Le Haut Conseil des Antiquités semble intensifier et diversifier les activités de fouille et de recherche, en partenariat avec des organismes internationaux. L’élargissement des perspectives de patrimonialisation s’observe également du fait de l’engouement médiatique, souvent appuyé par une intelligentsia cosmopolite, pour la conservation des anciens édifices des XIXème et XXème siècles, dont l’architecture et l’esthétique sont admirées. Cette culture antiquaire nostalgique n’est toutefois pas un fait nouveau en Égypte. L’intérêt est de constater comment la réinvention des espaces et de leur histoire sert une pluralité de logiques : économiques, touristiques, scientifiques, politiques, religieuses ou pèlerines.

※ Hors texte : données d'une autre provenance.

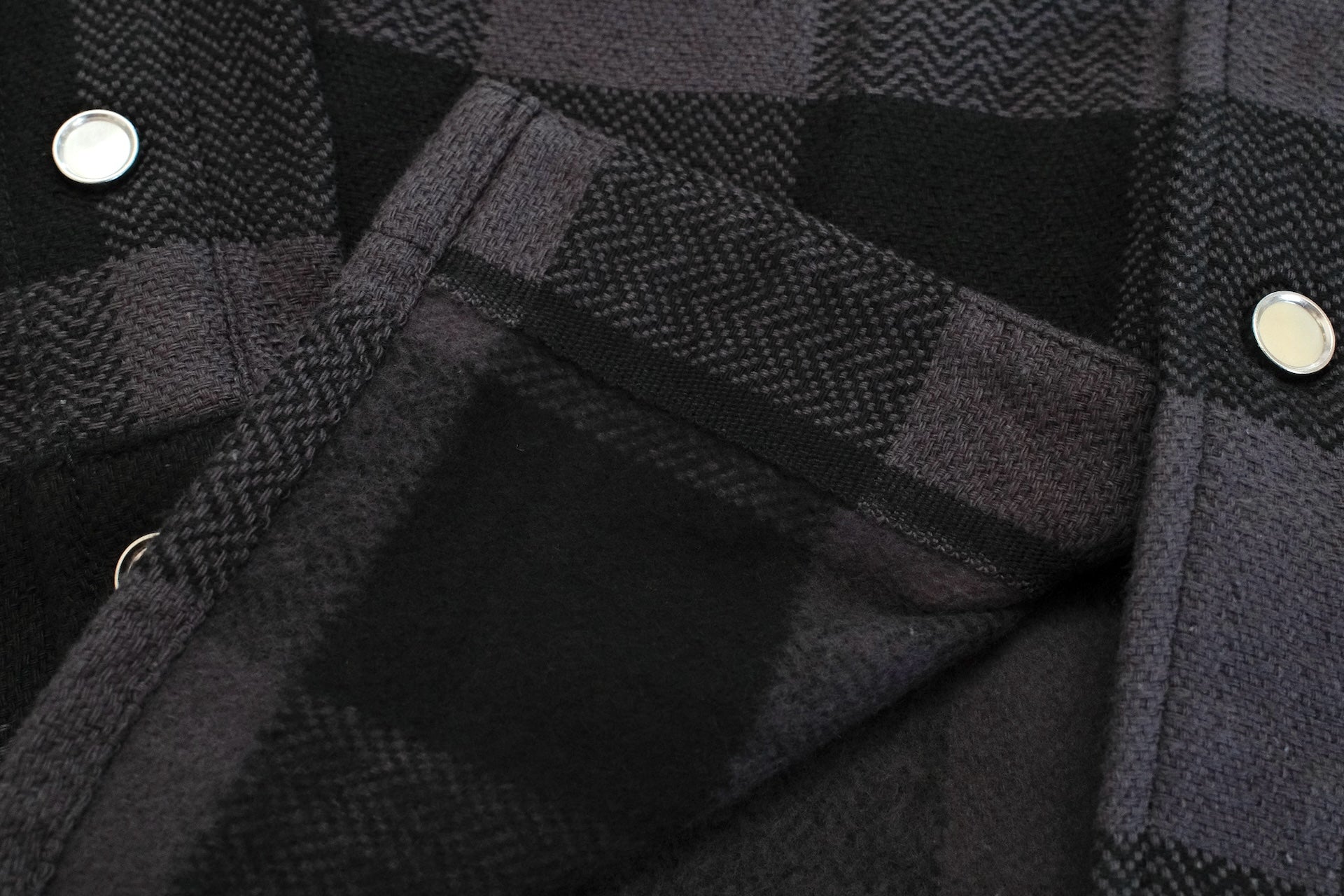 The Flat Head 12oz Selvage Flannel Western Shirt (Black X Grey)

Construction nationale d’un itinéraire pèlerin
En intégrant la valorisation des sites historiques chrétiens aux discours de la production et de la mise en valeur du patrimoine national, l’Église copte assure à son institution, qui se veut millénaire, une double visibilité religieuse et culturelle. La reconstitution géo-historique du passage de figures saintes dans de nombreuses régions égyptiennes représente une stratégie de redéploiement du secteur touristique. La Sainte Famille a traversé plusieurs régions, du nord au sud, en laissant souvent des traces dans les villes où elle séjournait. L’Église de la Sainte Vierge, à Sakha, conserve par exemple une pierre où, selon la tradition, est restée gravée l’empreinte du pied de l’enfant Jésus. De même, à Gabal Al-Teir, est gardé un rocher sur lequel est imprimée la paume de sa main. Arbres, sources d’eau, grottes ayant été bénis par l’enfant Jésus et sa mère sont multiples et parsèment le trajet reconstitué de la Sainte Famille en Égypte.
L’attractivité croissante de ces espaces chrétiens représente une opportunité pour demander la restauration des sites et des églises historiques, dans un pays où la législation impose des procédures complexes à l’octroi de permis de construire ou de restauration des églises. Ainsi, en 2020, le Haut Conseil des Antiquités a annoncé l’avancée des travaux de restauration de l’église de la Sainte Vierge qui appartient au monastère de Gabal Al-Teir. Cette église, sculptée dans la roche au IVème siècle par l’Impératrice Hélène, contient une grotte où ont séjourné Jésus et ses parents. Dans le gouvernorat de Qena, plusieurs monastères jusque-là peu visités et dont les bâtis remontent au VIIème ou VIIIème siècle ont été rénovés. Ces restaurations permettent par ailleurs de découvrir des reliques de saints patrons et peuvent raviver les cultes locaux qui leur sont dédiés.
Les autorités égyptiennes avaient par ailleurs demandé que le chemin parcouru par la Sainte Famille en Égypte soit reconnu par l’UNESCO et intégré à la liste du patrimoine mondial de l’humanité. Dans cette visée et en concertation avec l’Église copte, le Ministère des Antiquités a reconstitué et fixé un itinéraire allant d’Al-Arish, au Sinaï jusqu’au monastère de la Sainte Vierge à Assiout (Haute-Egypte), en passant par le delta et le désert de Wadi Natrun, soit au total 25 lieux sélectionnés.
L’intérêt croissant porté à l’histoire du christianisme copte est par ailleurs à réinscrire dans le mouvement de réforme institutionnelle de cette communauté, initié au siècle dernier. Les deux précédents patriarches, Cyril VI et Chenouda III ont en effet œuvré à la démocratisation de l’enseignement ecclésiastique, à la consolidation du poids politique de l’Église et à la restauration de la vie monastique. La construction des récits hagiographiques insiste souvent sur les origines chrétiennes de la société égyptienne et sur le rôle des coptes au sein de l’État, même islamisé. L’architecture hybride du musée copte, construit dans les années 1920, et qui allie différents styles ornementaux, témoigne de la volonté politique contemporaine de construire un patrimoine commun multiconfessionnel.